I’ve spoken about my qualms with Bodyshockers: Nips, Tucks and Tattoos┬ábefore but recently an episode aired that truly infuriated me. On it, they featured a girl looking to get her first tattoo who’d found a design online that she loved and wanted to get on her thigh. This wasn’t a small piece, it was a large geometric lion, and what she ended up with was a (poorly done) copy of someone else’s work. At no point in the process did Channel 4 mention the original artist, or that to do this you need permission. Being the tattoo vigilante that I am I quickly tracked down the original artist (Coen Mitchell) to let him know; he’s a talented chap and has experienced quite a few copycats before so, unsurprisingly, he’s getting particularly fed up with it. Copying a tattoo is copyright infringement in the same way that tracing an image and claiming it for your own is, he would be well within his right to take legal action if he wanted and whether he does or not is now up to him.

When you copy a tattoo from the internet you’re not only cheapening the hard work of the artist but you’re also taking something away from the owner. Imagine you’d spent a great deal of money on a bespoke design that was completely unique to you, something you could really be proud of. Now picture that this beautiful, custom design was copied onto somebody else who hadn’t been remotely involved in the process. Personally I’d be devastated, my pride and joy would no longer be unique and I’d be sharing it with someone else who had found it on Google images.

Looking for inspiration online is fine, in fact, I firmly encourage it! Tumblr, Pinterest and even Instagram are amazing places to find exciting new artists and styles that you’ve never considered before – I’ve visited quite a few artists I’ve found on these platforms. If you’re planning a tattoo, or fall for one you’ve seen, try and think about the different aspects of it that you like and send it to a similar artist (or, even better, the same one if you’re within travelling distance) as a reference for a new design that incorporates your favourite elements. Zipping off a quick email to introduce yourself and pitch your idea is easy and on a few occasions I’ve attached images to say things like, “I like the way this one has a lot of symmetry but I really like the colours used in this one” in order to illustrate my ideas.

It’s fairly standard now that artists will take pictures of their work to put on social media.
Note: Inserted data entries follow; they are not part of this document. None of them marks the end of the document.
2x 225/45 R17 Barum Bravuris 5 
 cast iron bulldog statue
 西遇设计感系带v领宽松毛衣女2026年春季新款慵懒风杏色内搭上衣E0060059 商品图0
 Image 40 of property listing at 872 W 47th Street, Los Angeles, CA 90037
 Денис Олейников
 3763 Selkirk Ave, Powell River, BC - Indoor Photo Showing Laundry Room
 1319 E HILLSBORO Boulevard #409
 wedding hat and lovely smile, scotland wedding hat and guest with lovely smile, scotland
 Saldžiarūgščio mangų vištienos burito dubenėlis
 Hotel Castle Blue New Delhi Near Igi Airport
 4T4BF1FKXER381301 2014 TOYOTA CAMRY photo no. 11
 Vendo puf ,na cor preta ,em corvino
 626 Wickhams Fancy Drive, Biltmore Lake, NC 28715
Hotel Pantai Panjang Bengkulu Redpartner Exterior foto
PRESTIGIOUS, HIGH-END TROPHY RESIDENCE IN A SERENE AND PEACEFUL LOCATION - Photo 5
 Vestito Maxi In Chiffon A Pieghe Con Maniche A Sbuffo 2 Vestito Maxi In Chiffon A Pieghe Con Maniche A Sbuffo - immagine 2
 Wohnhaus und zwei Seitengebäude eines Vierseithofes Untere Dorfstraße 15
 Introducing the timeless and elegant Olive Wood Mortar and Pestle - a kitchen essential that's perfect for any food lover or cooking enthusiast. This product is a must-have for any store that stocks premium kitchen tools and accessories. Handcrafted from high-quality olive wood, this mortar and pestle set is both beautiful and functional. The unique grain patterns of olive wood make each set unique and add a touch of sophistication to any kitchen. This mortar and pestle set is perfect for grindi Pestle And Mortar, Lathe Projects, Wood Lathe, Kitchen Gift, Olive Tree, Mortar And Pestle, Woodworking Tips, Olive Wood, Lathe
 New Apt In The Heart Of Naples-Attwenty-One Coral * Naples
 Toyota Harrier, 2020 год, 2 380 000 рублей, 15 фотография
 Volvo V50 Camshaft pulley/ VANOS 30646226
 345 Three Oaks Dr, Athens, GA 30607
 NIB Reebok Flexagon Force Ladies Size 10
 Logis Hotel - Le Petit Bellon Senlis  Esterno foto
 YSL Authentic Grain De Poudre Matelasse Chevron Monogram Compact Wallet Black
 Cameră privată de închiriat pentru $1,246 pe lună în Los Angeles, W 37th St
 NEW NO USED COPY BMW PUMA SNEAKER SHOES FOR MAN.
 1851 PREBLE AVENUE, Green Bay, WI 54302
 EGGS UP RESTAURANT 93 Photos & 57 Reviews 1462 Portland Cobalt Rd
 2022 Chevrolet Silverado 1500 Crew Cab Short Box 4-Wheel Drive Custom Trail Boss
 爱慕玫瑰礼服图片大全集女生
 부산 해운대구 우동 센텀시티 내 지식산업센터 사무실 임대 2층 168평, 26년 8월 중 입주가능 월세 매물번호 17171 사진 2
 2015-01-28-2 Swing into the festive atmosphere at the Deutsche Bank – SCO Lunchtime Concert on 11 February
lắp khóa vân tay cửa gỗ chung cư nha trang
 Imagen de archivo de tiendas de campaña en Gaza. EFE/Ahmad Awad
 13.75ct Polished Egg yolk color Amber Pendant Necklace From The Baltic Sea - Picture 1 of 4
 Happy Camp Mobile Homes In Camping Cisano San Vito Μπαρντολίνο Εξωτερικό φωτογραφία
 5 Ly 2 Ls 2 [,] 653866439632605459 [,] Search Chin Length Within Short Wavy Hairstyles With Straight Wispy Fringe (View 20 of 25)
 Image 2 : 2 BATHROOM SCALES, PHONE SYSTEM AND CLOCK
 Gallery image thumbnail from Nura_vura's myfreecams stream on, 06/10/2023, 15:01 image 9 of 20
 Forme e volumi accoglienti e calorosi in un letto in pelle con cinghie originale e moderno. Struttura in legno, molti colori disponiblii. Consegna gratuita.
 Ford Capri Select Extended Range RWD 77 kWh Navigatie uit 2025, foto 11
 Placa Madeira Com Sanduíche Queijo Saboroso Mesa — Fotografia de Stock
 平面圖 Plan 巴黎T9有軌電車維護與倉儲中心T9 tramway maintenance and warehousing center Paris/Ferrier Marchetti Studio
Instagram and Facebook albums now act like portfolios and attract potential clients to the artists work, but good, clear images can also be copied, or even traced, onto someone else’s body parts. with tattoos and the internet,┬áthere’s simply no way of getting rid of the risk of someone copying your pieces. It’s something we, unfortunately, have to live with and until it’s widely known that copying is deeply unfair there will always be the potential there for theft. There’s a very big difference between getting inspiration from the internet and outright copying other designs. Please, for the sake of the artists and the original clients, don’t cross it.